Wednesday, August 17, 2016

Prophetic Lament




The church loves to lament but often ignores or forgets to lament.  I read Soong-Chan Rah prophetic and challenging book "Prophetic Lament: A Call for Justice in Troubled Times" (IVP, 2015).  Why does it seem like the cry for justice burns in the hearts of the younger generation and not the older generation?  Have we gotten so old and cynical that we have lost a prophetic imagination to imagine a truly just world?  There is so much pain, trouble, turmoil, and suffering in the world, why does the American church avoid lament?

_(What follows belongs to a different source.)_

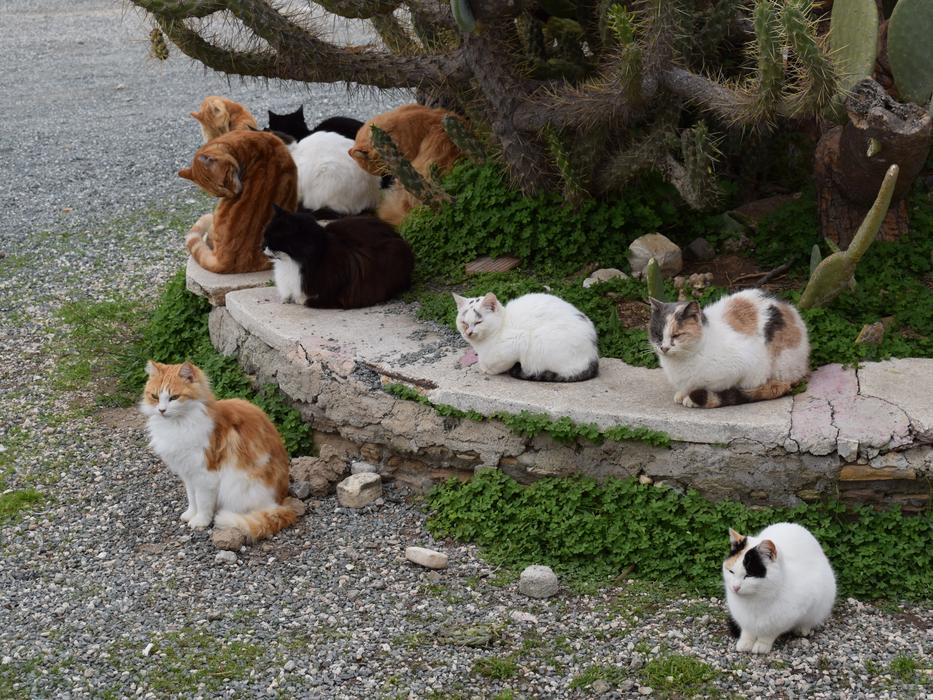 a group of spotted cats resting in the fresh air in Cyprus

Can we see our own blind spots of segregation, racism, capitalism run amuck where the rich get richer and the poor get poorer.  Why does the church solely focus on individual transgressions and sins while missing the institutional and corporate injustices that keep much of the evil we see in the world firmly in place.  Can we so quickly write checks to end human trafficking without seeing the connection for our demand to buy cheap clothing that generates this exploitation of poor people.  Do we care about hunger in Africa without connecting the dots to large multi-national corporations that benefits from exploiting these weaker nations.  Do we care about our cheap oil from the middle east more than how it continues to fund global terrorism around the world?

Can the American church see its own American exceptionalism whereas God is sending us many Christian immigrants from around the globe to help us and we are so threatened by them.  Maybe if  America and the wealthy American church lost its wealth, materialism would lose its death grip on us all?  Maybe if we lost our position as a world leader we then could lose an elevated view of ourselves?  Maybe if we lost our power and leverage over other nations we would join them in understanding what true powerless really feels like?  Maybe then we could lament.